YOUR OBJECTIVE
Take from the entries below the stretch from the line with "Roxy After Beach" through the line with "EASY IRON (bügelleicht)", and return it exactly, leaving the pictures out.

RECORDS SHOWN
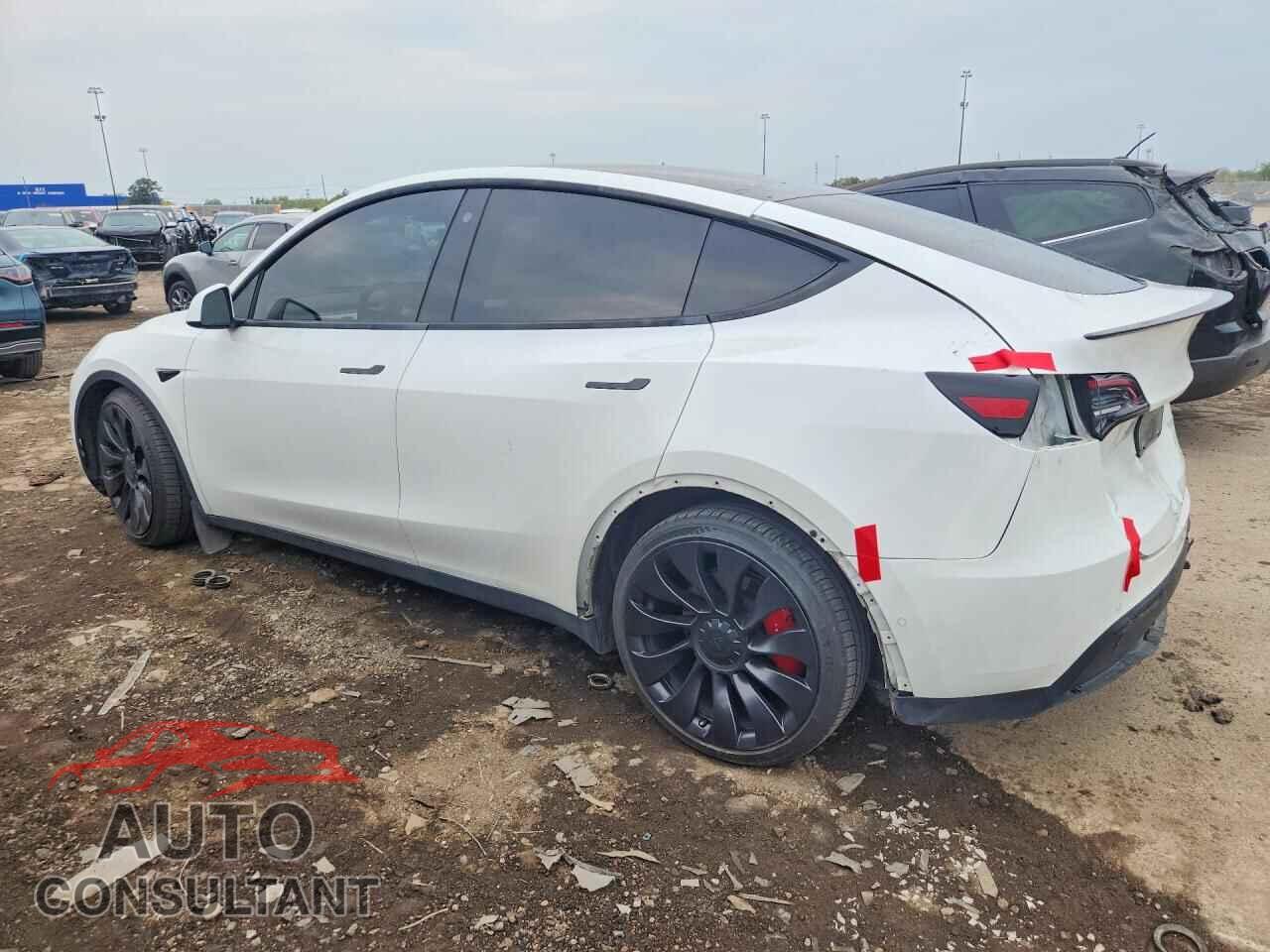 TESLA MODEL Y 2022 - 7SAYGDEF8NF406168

==

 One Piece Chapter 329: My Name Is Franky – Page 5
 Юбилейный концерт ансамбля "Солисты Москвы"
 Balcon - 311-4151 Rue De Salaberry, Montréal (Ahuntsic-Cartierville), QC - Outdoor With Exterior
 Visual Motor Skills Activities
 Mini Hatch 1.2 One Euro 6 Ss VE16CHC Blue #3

...

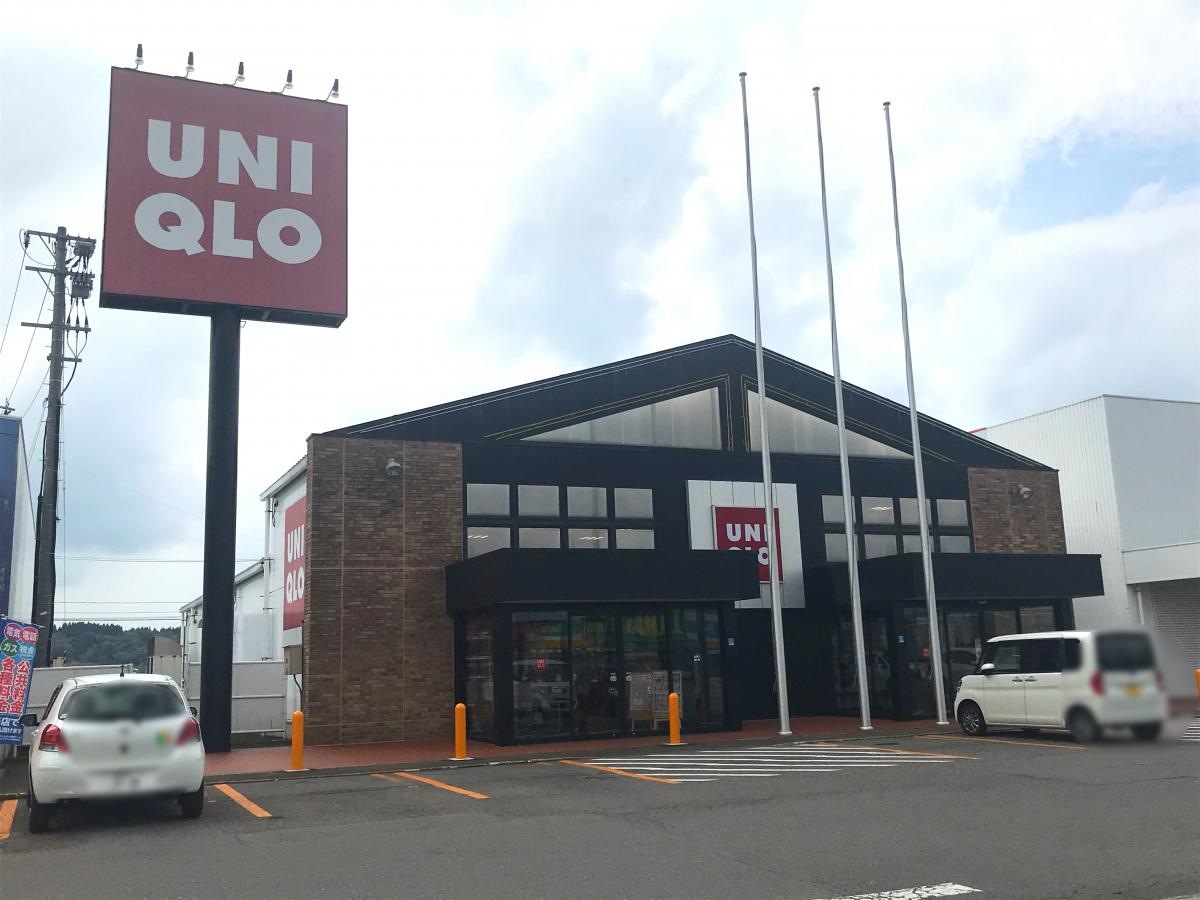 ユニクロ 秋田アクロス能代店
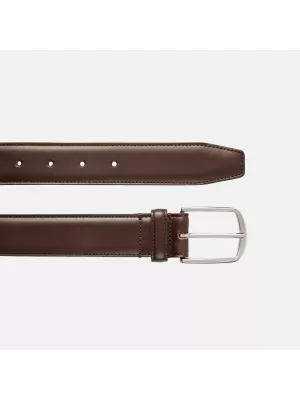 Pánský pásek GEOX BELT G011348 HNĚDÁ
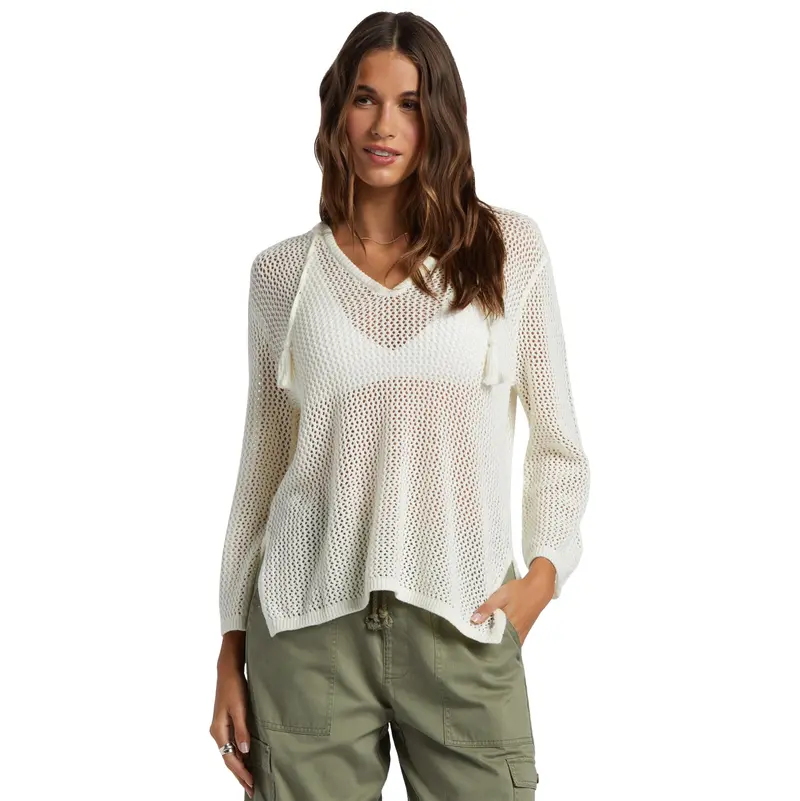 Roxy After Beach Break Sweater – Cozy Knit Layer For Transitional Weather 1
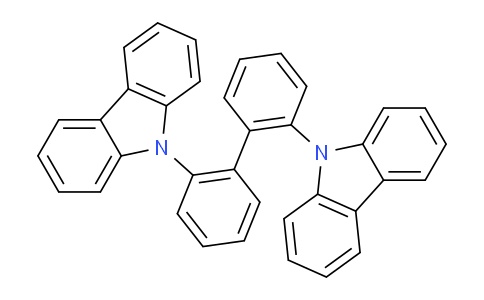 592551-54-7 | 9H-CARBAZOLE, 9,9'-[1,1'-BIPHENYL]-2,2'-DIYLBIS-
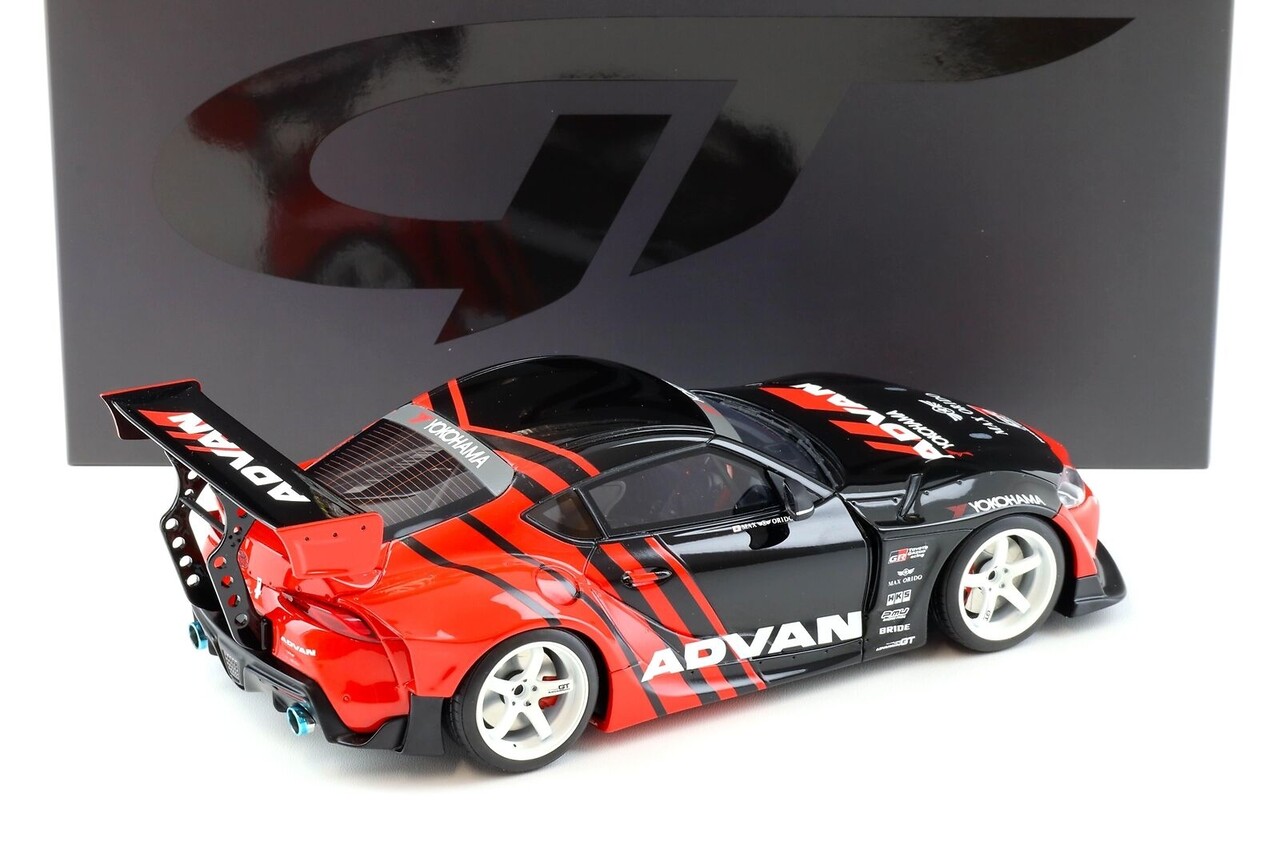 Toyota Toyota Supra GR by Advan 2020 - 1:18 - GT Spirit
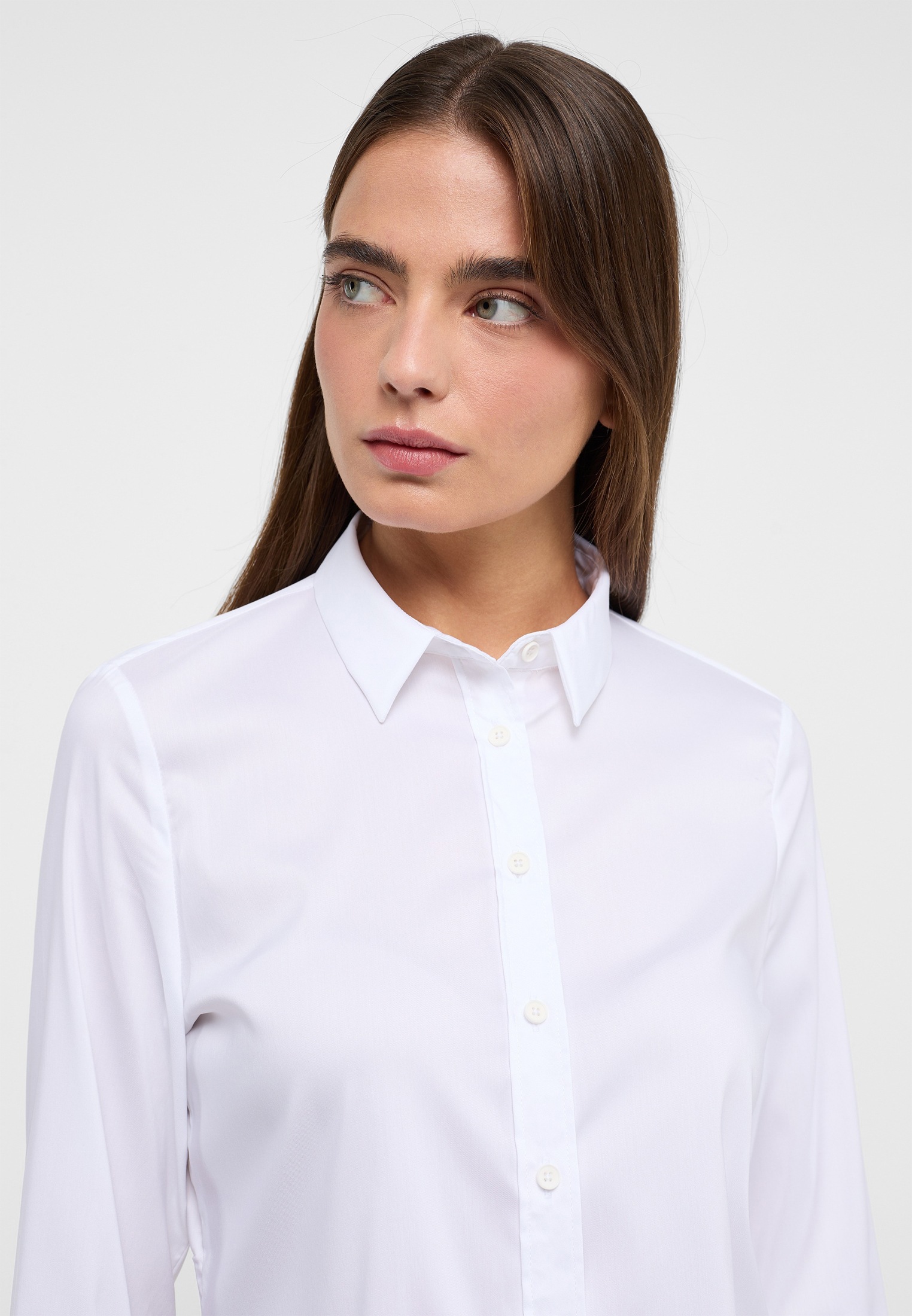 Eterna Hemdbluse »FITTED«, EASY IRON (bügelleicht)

REPLY TO THE EXERCISE
 Roxy After Beach Break Sweater – Cozy Knit Layer For Transitional Weather 1
 592551-54-7 | 9H-CARBAZOLE, 9,9'-[1,1'-BIPHENYL]-2,2'-DIYLBIS-
 Toyota Toyota Supra GR by Advan 2020 - 1:18 - GT Spirit
 Eterna Hemdbluse »FITTED«, EASY IRON (bügelleicht)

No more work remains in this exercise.